We are not dependent on food from abroad. Or steel. We make most of our own machinery. We are not helpless. On the question of aid cutbacks, we have reached a stage in our development where we can manage without aid. All we need to do is continue increasing faster our exports to earn more foreign exchange.

What about the ongoing projects funded by the IMF and World Bank?

The IMF and the World Bank are now very much on the defensive all over the world. The country they give full support to,along with US was Indonesia. See what has happened there. The Indonesian economy has collapsed. India has in fact done far better than Indonesia. India is being demoralised by its politicians and their brand of journalists.

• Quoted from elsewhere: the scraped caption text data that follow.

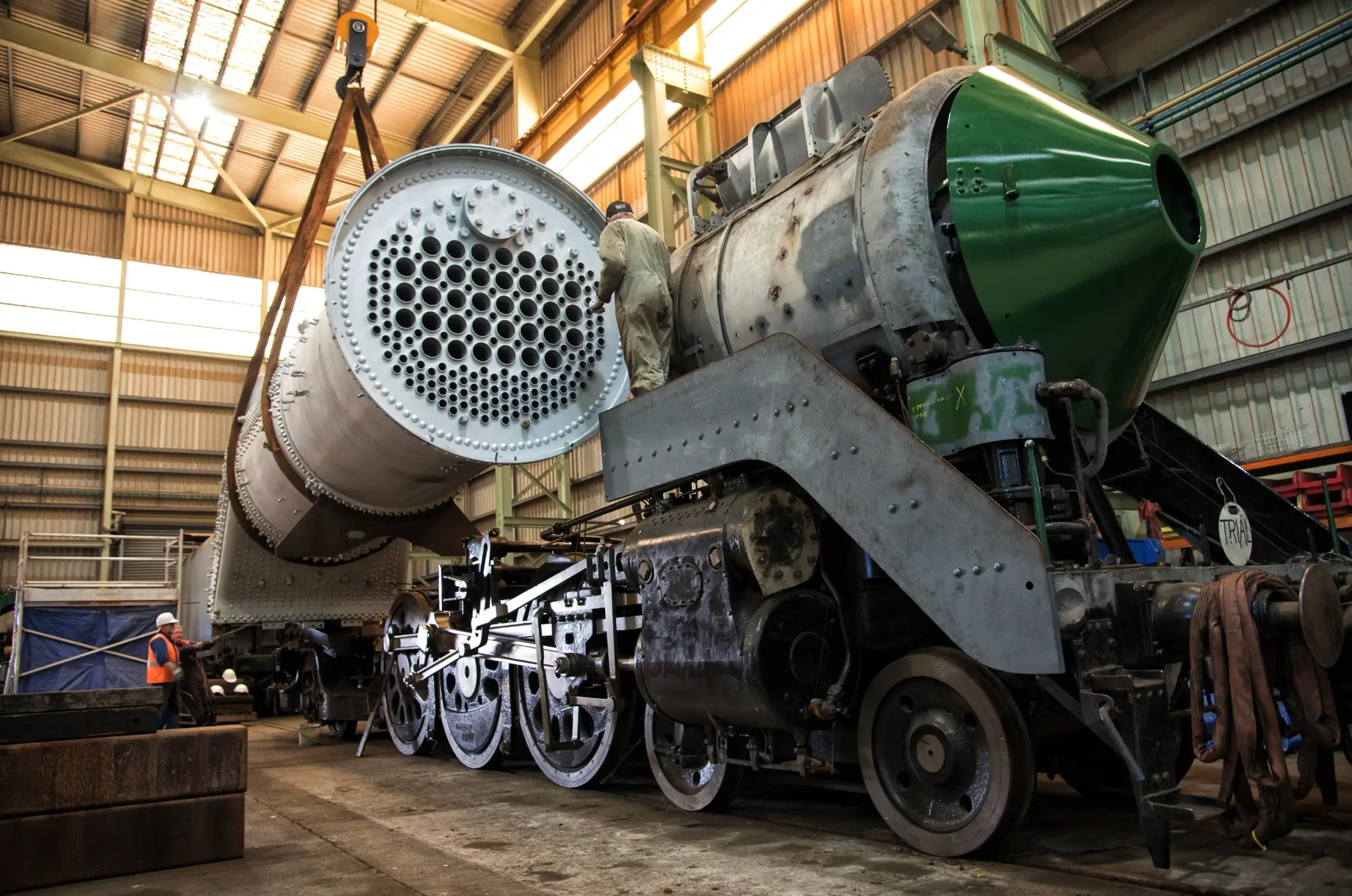 Works underway at Thirlmere on the Loop Line Upgrade Project.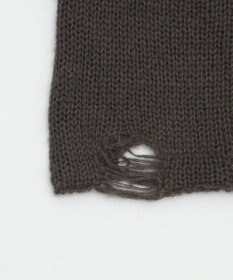 WEGO モヘアタッチダメージショートニット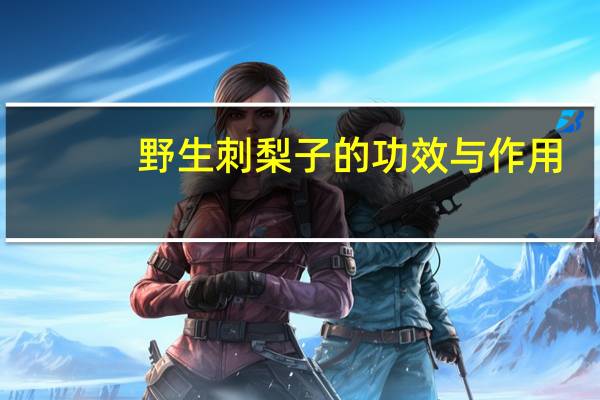 野生刺梨子的功效与作用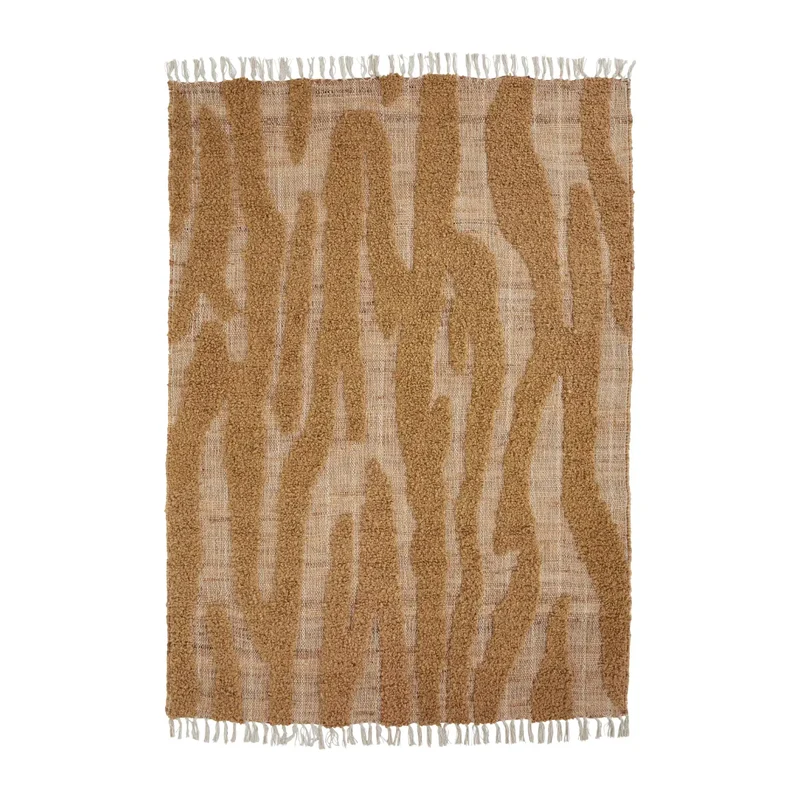 Teppich Get Braun Jute Baumwolle 200 × 140 cm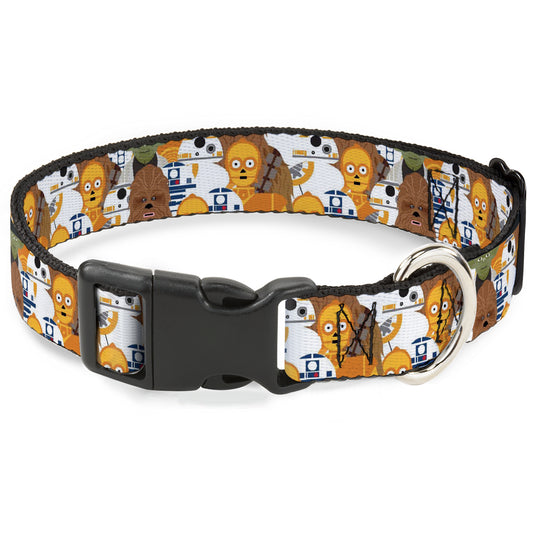 Plastic Clip Collar - Star Wars 5-Character Poses Stacked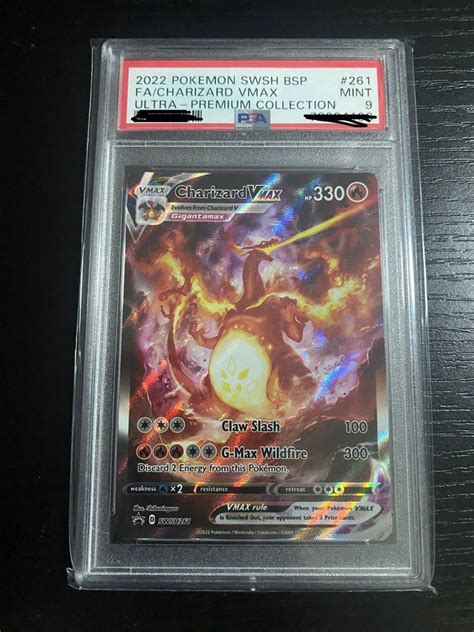 PSA 9 Pokemon Charizard VMax Ultra Premium Collection UPC Promo AA TCG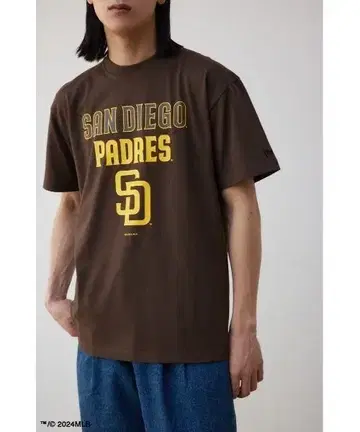 AZUL NEWERA MLB SBC 샌디에고 패드레스 티셔츠 FREE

Do you see a positive side to the tests?

None at all. India has lost whatever image it had for being a reasonable people. Even Japan, which normally does not speak out, has condemned us. The Japanese have had good reason to respect us. After all, we never claimed compensation for the losses incurred by us in the war with Japan.

Some would say the tests have done wonders for national self-respect.

This government has only given reason for India to be ashamed of itself. The tests have derailed our priorities. I was associated with Nehru during the preparation of the First Five Year Plan and was entrusted with the responsibility of charting out our path for long-term development. At that time we expected to be able to raise the rate of investment in India from 5 per cent of the national income in 1950-51 to 20 per cent over a 25-30 year period. We exceeded that target long ago. We now have a rate of saving and investment of the order of 27 per cent of the national income. From the early '90s, our national income has been therefore growing between 6 and 7 per cent per annum, whereas our original growth-rate target (set in 1951) was no higher than 5 per cent. We now need to concentrate on a more equitable distribution of income and consumption. In Kerala, and more generally in south India, primary education and primary health standards have improved far more than most states in north India. This now relatively backward region covers Bihar, Madhya Pradesh, Rajasthan and UP and has been aptly described as the BIMARU states. These are the states that the BJP government needs to focus attention on, especially since most of its electoral support comes from these states. A few nuclear blasts help neither the standard of living in these states nor the country at large, which is growing rapidly economically.